Ha vuelto a aparecer una iniciativa de ley con nombre propio en el Congreso que, una vez más, ni siquiera se ha preocupado por disimular su direccionalidad.

El nombre propio, por si lo anterior fuese poco, es uno ya habitual en este tipo de noticias: el de un grupo económico que parece haber descubierto en el Parlamento –legislatura tras legislatura– una especie de genio de la botella que él puede convocar cada vez que necesita hacer realidad alguno de sus deseos –y exceptuarse de las reglas que rigen al resto de los peruanos–.

Así, durante ocho años, el grupo Oviedo logró ni más ni menos que siete veces seguidas el Congreso renovase una ley que otorgaba a sus diversas empresas azucareras el derecho de no pagar sus deudas (incluidos los S/.340 millones que debía a la Sunat). Y ahora ese mismo grupo ha “visto” aparecer en nuestro Legislativo la antes aludida iniciativa legal, la misma que en la práctica permitiría desaparecer la deuda de S/.20 millones que una empresa suya tiene con Essalud.

Es importante hacer notar cómo estos actos de mercantilismo tienen consecuencias que van más allá de las ganancias que ocasionan a sus promotores y de los correspondientes daños que causan a los competidores de estos (quienes, por ejemplo, sí tienen que pagar sus impuestos). En efecto, este desembozado mercantilismo supone también peligros para la democracia y para el modelo económico que con tanto esfuerzo –y tan buenos resultados– venimos construyendo los peruanos en los últimos años.

El tema de la democracia es claro. Pocas cosas desprestigian más a las instituciones públicas que su uso para servir a negocios privados. La sensación de timo que queda en los contribuyentes –y en general en los votantes– cuando ven que los entes que ellos subvencionan y llenan con sus representantes se dedican a usar la ley de todos para establecer los privilegios de algunos no debe ser subestimada. De hecho, más de una vez en la historia ha sido causa de notables patadas a los tableros de las democracias.

El peligro para el modelo, por su parte, también es directo. No en vano todo este tipo de arreglos suelen ser considerados vicios propios del mercado libre. El sentido común suele ver en ellos la expresión más directa de un sistema que existiría “para servir a unos pocos” a costa de todos los demás.

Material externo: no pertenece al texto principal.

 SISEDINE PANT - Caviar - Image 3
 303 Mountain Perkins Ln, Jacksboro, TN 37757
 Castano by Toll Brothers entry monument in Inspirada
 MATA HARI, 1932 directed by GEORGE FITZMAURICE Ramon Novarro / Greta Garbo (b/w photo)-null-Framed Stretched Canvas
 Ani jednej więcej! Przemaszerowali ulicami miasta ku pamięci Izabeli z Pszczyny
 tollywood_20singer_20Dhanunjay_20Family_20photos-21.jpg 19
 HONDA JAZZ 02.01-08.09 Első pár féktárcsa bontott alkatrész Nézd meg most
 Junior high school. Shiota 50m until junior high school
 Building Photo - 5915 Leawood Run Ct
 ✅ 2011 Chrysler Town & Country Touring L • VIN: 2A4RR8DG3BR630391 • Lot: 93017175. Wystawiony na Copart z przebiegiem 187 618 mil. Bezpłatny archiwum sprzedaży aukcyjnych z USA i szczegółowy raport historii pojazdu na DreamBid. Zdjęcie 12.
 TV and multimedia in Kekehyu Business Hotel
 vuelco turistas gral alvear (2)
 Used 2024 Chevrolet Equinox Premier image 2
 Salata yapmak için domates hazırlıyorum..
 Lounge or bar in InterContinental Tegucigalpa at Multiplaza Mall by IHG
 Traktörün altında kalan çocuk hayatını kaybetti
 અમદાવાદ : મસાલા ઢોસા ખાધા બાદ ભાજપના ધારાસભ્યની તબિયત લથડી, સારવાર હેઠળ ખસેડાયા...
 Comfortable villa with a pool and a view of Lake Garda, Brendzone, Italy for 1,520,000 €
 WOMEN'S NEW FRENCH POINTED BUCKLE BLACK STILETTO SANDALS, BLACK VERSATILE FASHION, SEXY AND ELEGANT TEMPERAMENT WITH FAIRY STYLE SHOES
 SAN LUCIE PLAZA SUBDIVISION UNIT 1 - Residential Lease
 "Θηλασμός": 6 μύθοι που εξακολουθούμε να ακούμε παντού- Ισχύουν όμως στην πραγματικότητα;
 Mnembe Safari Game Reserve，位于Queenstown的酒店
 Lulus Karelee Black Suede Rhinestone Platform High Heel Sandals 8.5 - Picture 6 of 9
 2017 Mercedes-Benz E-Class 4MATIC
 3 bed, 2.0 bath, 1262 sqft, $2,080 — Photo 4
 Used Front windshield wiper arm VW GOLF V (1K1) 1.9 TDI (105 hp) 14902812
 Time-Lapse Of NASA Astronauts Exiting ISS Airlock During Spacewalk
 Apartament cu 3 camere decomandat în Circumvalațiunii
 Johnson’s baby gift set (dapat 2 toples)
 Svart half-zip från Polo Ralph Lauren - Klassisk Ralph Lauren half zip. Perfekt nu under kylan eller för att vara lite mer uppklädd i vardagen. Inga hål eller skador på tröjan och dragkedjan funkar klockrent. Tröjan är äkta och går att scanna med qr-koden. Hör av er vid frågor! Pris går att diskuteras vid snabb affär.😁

Lo anterior pese a que, en realidad, el mercantilismo es la antítesis de lo que el mercado requiere para funcionar bien. En un auténtico mercado libre lo único que puede hacer la diferencia en los destinos de las empresas es la medida en que los consumidores escojan sus productos. De esa forma las que son más eficientes (las que producen las combinaciones de calidad-precio que más satisfacen a los consumidores) ven premiados sus esfuerzos en sus bolsillos y así reciben los incentivos para seguir por el camino en el que vienen: usando los recursos con los que trabajan de la forma en que sirvan para satisfacer la mayor cantidad de necesidades posibles. En cambio, cuando se introduce la trampa del mercantilismo, no gana en el mercado quien es más eficiente, sino quien tiene de su lado al Estado, perdiéndose, por tanto, las razones para que las personas se esfuercen e inviertan en dar a los recursos existentes el uso que ocasione su mayor aprovechamiento.

El mercantilismo, en fin, es la peor de todas las formas de estatismo. Como todas, usa el poder del Estado para intervenir en la economía y distorsionar lo que las personas, de otra manera, hubieran escogido en ella. Pero, a diferencia de las demás, no puede alegar que lo hace en busca de un bien común. Es, pues, mucho más un desparpajo que un error. Y como tal debe de ser tratado.